■ Task directions ■
Once the line holding "Hello everyone, I" is found in the entries below, transcribe exactly every line up to and including the one holding "In females, DSRCT", but leave out the pictures.

■ Supplied material ■

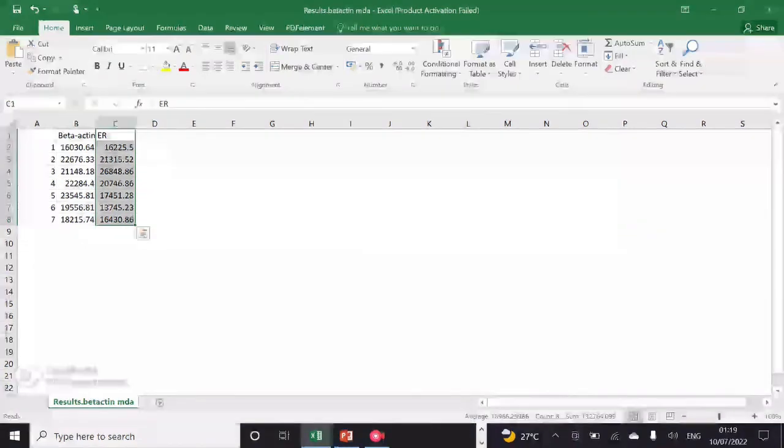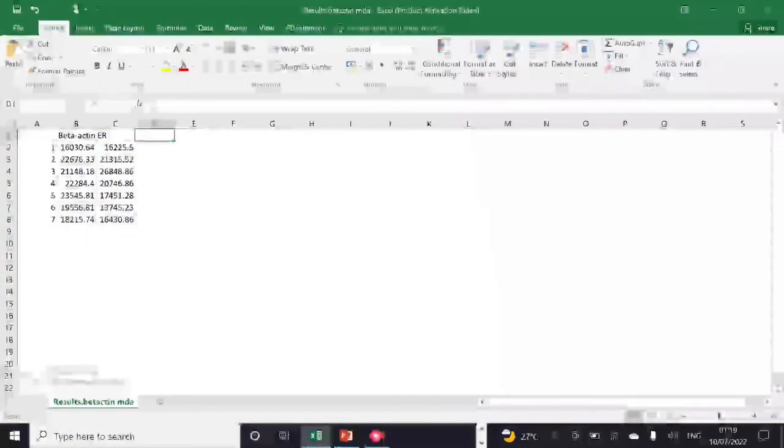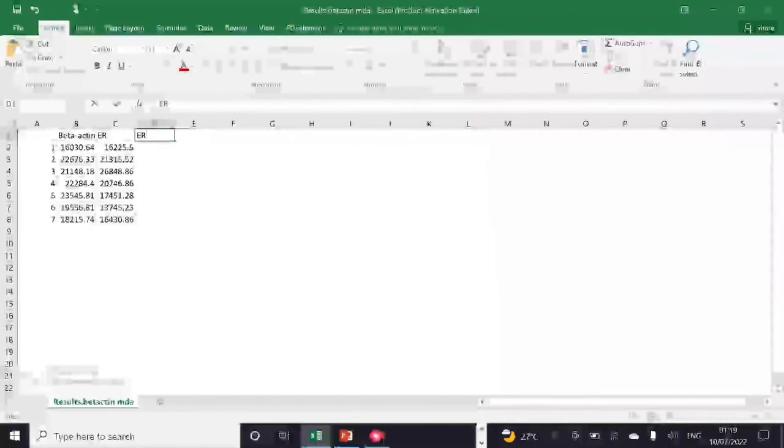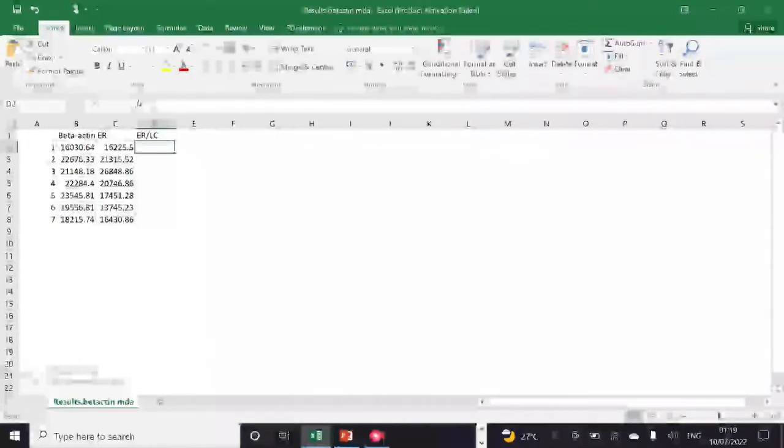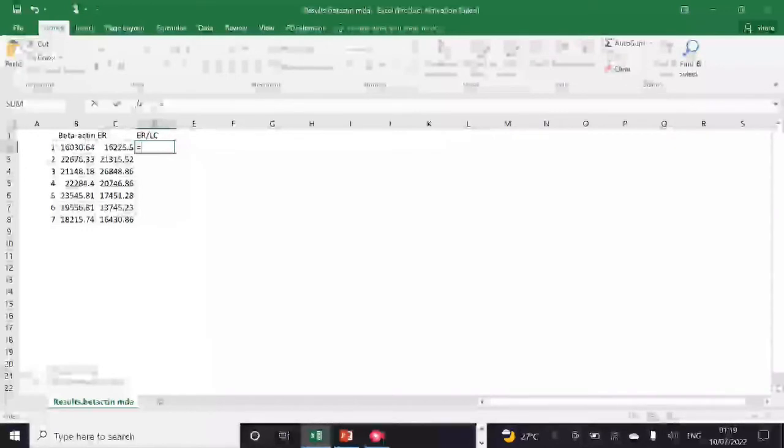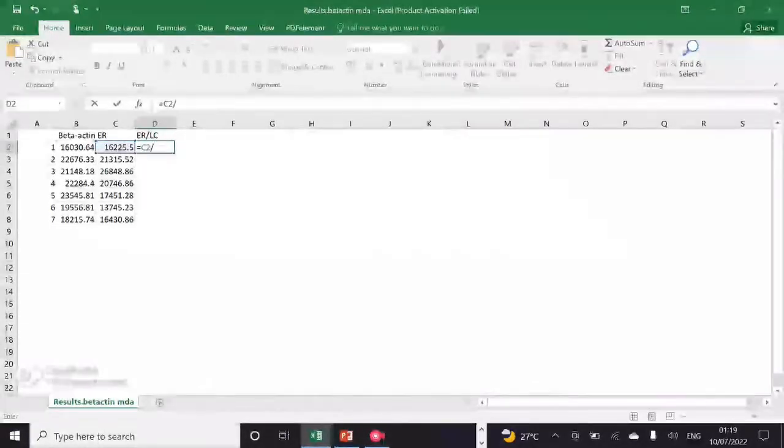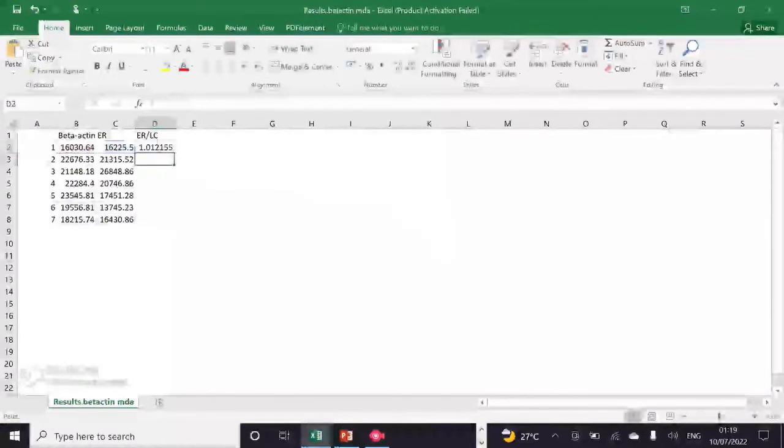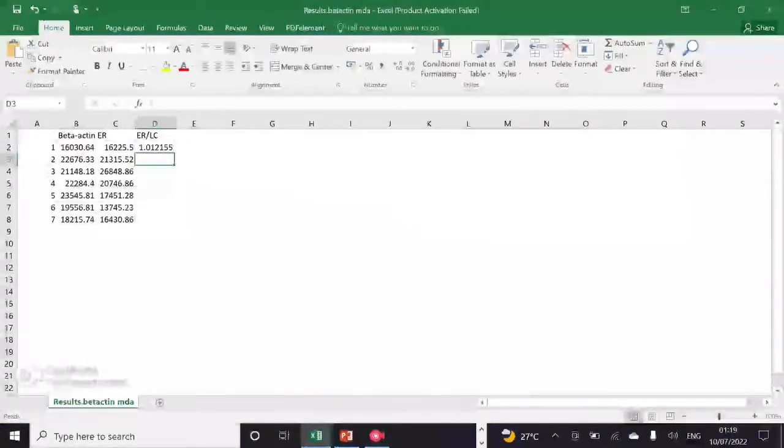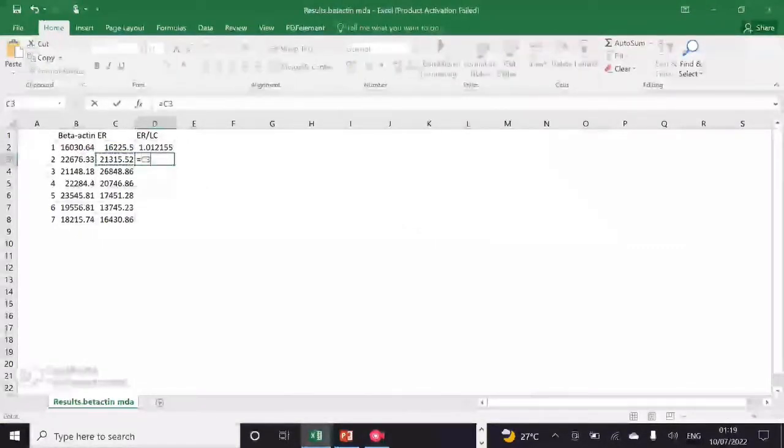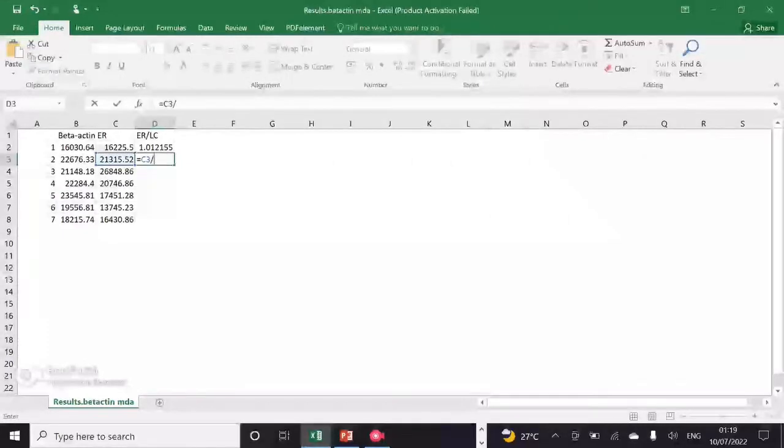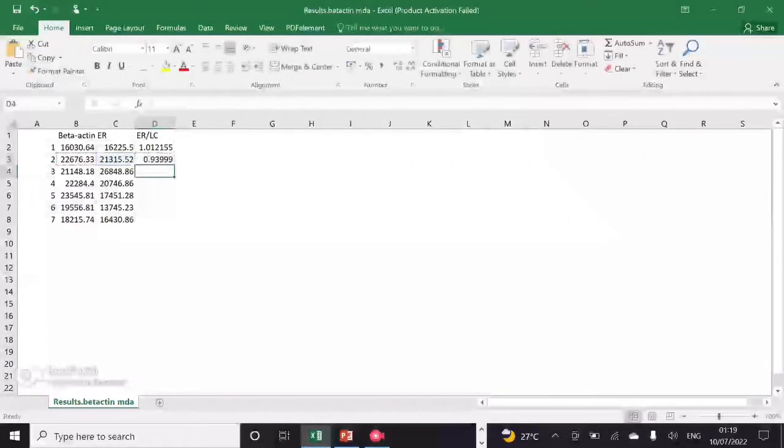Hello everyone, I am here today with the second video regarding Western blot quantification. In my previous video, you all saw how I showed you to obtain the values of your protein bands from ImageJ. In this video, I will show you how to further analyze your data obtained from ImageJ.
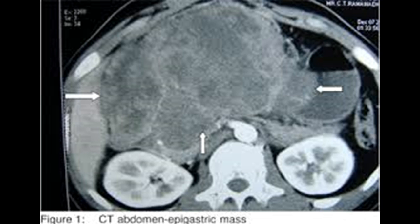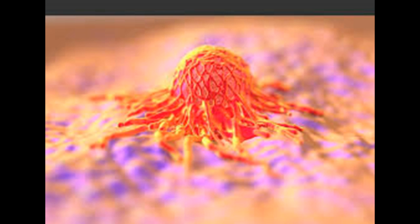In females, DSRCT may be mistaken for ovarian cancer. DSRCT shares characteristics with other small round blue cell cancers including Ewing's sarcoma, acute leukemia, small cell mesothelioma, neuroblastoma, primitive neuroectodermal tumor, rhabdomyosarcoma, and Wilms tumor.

...

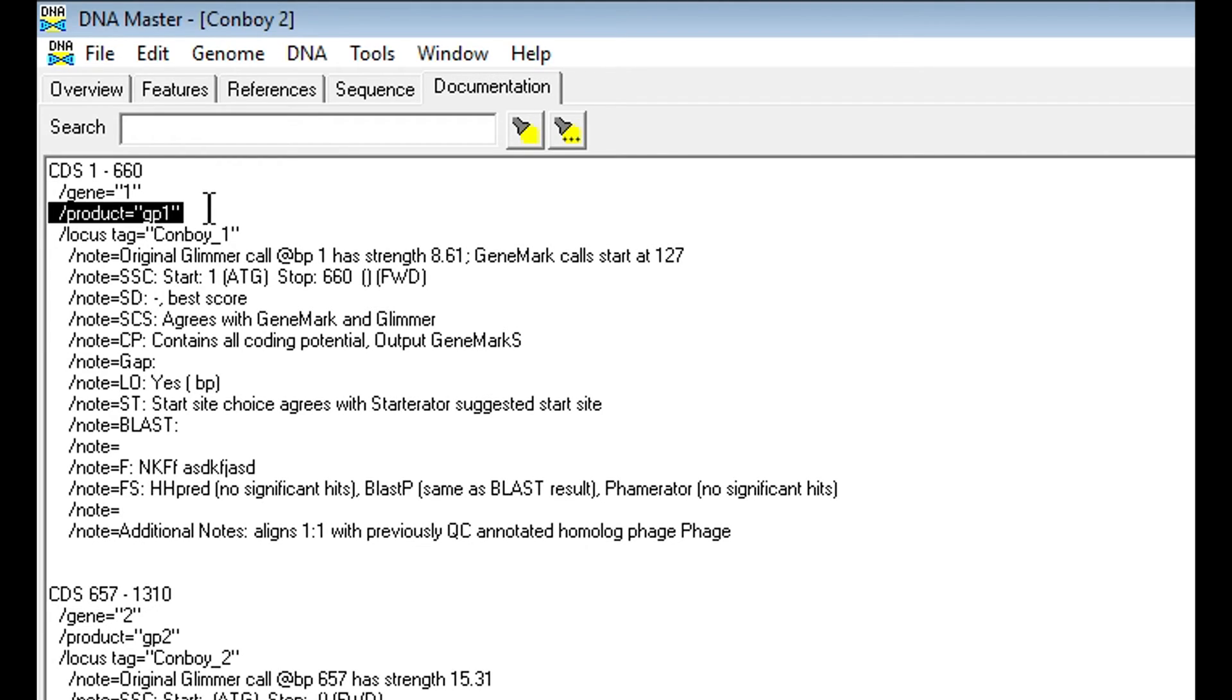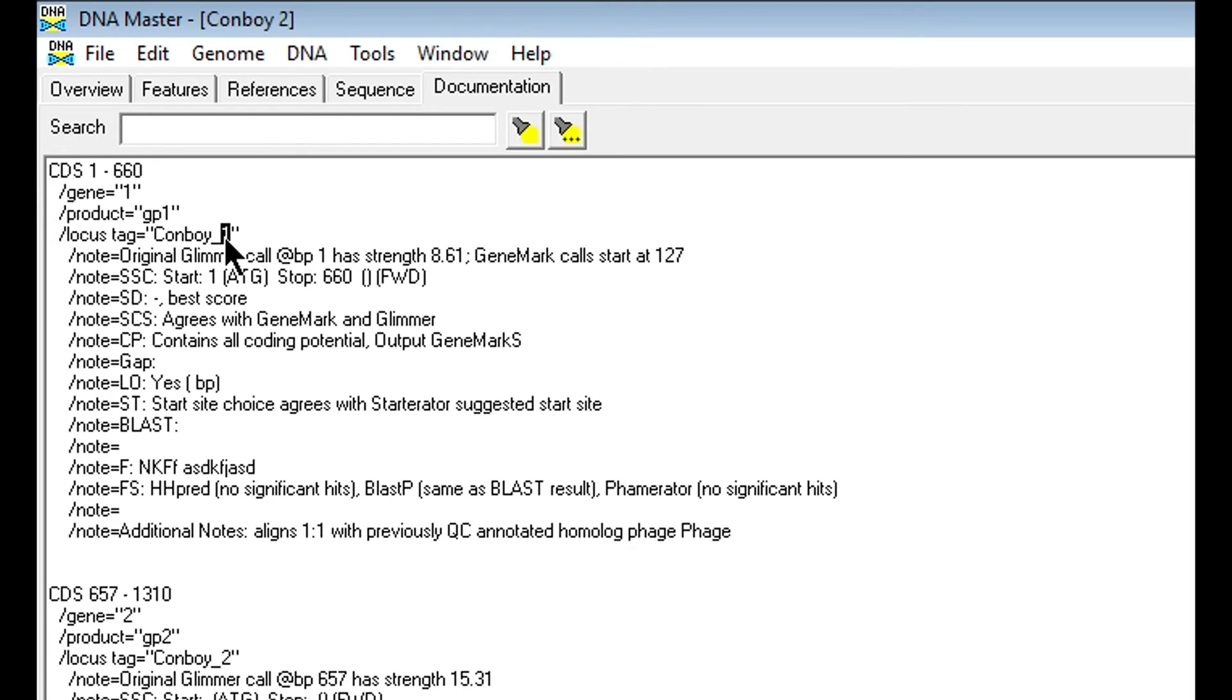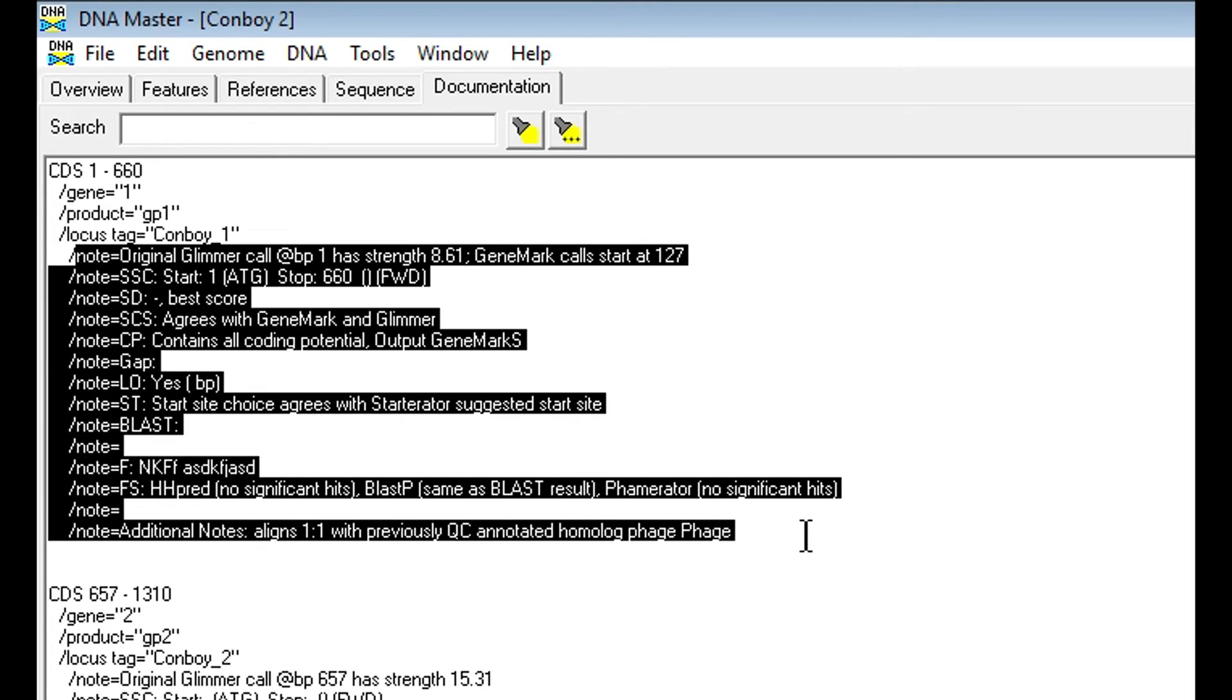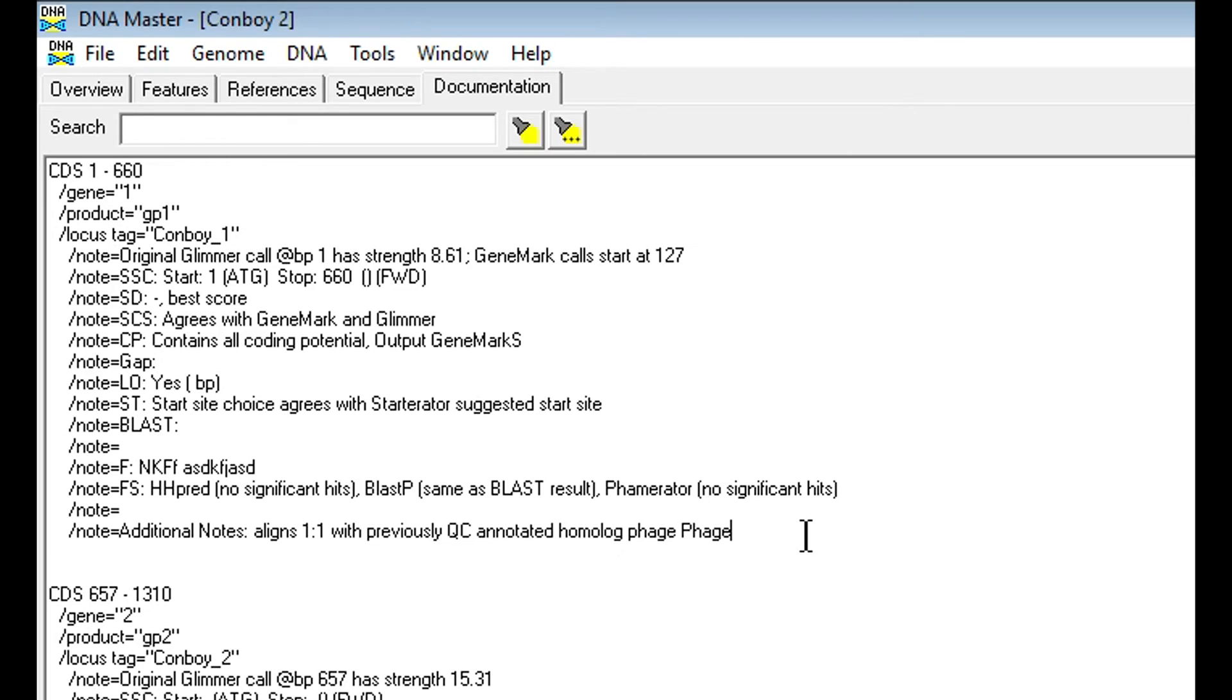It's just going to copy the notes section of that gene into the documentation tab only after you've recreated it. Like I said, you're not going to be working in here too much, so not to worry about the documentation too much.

■ Solved problem ■
Hello everyone, I am here today with the second video regarding Western blot quantification. In my previous video, you all saw how I showed you to obtain the values of your protein bands from ImageJ. In this video, I will show you how to further analyze your data obtained from ImageJ.
In females, DSRCT may be mistaken for ovarian cancer. DSRCT shares characteristics with other small round blue cell cancers including Ewing's sarcoma, acute leukemia, small cell mesothelioma, neuroblastoma, primitive neuroectodermal tumor, rhabdomyosarcoma, and Wilms tumor.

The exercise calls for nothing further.